Introduction: An increasing amount of evidence indicates that platelet reactivity, despite a standard anti-thrombotic therapy, is a potential risk factor for recurrent myocardial ischemia in patients with coronary artery disease. We now hypothesize that this condition, measured by collagen-epinephrine (CEPI) or collagen-ADP (CADP) closure times (CT) by Platelet Function Analyzer (PFA-100), may predict the recurrence of coronary events after percutaneous coronary intervention (PCI).

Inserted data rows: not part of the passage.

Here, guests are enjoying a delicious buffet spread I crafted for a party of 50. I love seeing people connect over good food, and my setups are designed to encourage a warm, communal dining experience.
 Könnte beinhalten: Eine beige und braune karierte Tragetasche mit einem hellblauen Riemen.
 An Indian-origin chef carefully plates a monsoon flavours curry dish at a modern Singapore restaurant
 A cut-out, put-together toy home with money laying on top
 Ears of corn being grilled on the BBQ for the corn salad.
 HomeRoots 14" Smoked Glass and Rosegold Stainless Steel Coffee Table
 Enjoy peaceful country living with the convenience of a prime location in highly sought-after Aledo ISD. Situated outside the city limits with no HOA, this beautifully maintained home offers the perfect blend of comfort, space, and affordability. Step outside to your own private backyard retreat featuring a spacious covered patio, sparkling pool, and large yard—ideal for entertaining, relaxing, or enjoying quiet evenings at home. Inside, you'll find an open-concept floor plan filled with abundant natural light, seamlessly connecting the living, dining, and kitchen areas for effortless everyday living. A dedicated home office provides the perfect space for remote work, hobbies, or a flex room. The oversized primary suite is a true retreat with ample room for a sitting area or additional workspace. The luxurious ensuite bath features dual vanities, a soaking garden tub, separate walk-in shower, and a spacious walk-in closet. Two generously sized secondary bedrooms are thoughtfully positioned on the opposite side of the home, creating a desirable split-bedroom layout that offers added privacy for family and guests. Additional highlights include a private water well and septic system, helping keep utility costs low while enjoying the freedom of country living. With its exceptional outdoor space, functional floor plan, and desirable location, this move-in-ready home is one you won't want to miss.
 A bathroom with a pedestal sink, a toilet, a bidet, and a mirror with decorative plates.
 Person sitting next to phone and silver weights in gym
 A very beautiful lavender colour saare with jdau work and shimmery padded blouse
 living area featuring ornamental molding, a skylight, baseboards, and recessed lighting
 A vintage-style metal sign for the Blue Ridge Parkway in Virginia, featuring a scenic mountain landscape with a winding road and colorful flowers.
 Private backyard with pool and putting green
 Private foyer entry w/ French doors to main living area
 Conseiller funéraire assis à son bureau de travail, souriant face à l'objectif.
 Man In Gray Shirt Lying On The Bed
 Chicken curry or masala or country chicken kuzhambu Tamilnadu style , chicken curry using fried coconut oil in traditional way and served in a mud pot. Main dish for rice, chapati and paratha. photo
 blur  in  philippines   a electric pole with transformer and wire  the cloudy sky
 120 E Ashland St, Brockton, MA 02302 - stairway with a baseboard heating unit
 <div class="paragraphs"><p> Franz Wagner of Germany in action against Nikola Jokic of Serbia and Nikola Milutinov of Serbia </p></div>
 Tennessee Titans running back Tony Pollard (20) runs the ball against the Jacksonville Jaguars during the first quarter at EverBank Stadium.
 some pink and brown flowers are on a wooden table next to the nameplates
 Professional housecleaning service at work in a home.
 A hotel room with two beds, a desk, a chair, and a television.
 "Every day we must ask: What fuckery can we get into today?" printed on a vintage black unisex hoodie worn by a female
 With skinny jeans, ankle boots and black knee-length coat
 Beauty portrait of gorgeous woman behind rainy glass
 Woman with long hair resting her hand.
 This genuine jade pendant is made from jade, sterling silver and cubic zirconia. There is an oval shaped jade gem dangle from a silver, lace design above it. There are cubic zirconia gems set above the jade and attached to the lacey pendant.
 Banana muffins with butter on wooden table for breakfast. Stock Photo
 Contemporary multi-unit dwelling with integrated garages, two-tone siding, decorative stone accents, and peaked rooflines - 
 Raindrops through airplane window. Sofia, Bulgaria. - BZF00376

Materials and methods: CEPI and CADP-CT were measured 30+/-8 h after PCI in 175 consecutive patients admitted with a diagnosis of stable angina (n=94) or acute coronary syndromes (n=81) and prospectively followed up for a mean period of 6 months. We stratified the patients in accordance to both the CEPI-CT (<or> 190 s), reflecting the intensity of cycloxygenase inhibition by aspirin and the distribution into quartiles for CADP-CT.
Results: CEPI-CT<190 s as well as CADP-CT<82 s were associated with a higher rate of clinical recurrence (hazard ratio 8.5, p<0.001 and 22.9, p<0.001, respectively). Multivariate analysis after adjustment for other risk factors confirmed that the lowest CADP-CT quartile significantly correlates with the risk of recurrent coronary events (hazard ratio 36.5, p<0.01), as well as CEPI-CT<190 s (hazard ratio 6.7, p=0.01).
Conclusions: An enhanced platelet function after PCI when measured under high shear rates by PFA-100 is an independent predictor of a worst clinical outcome, even during a short term follow-up and may help in patients risk stratification.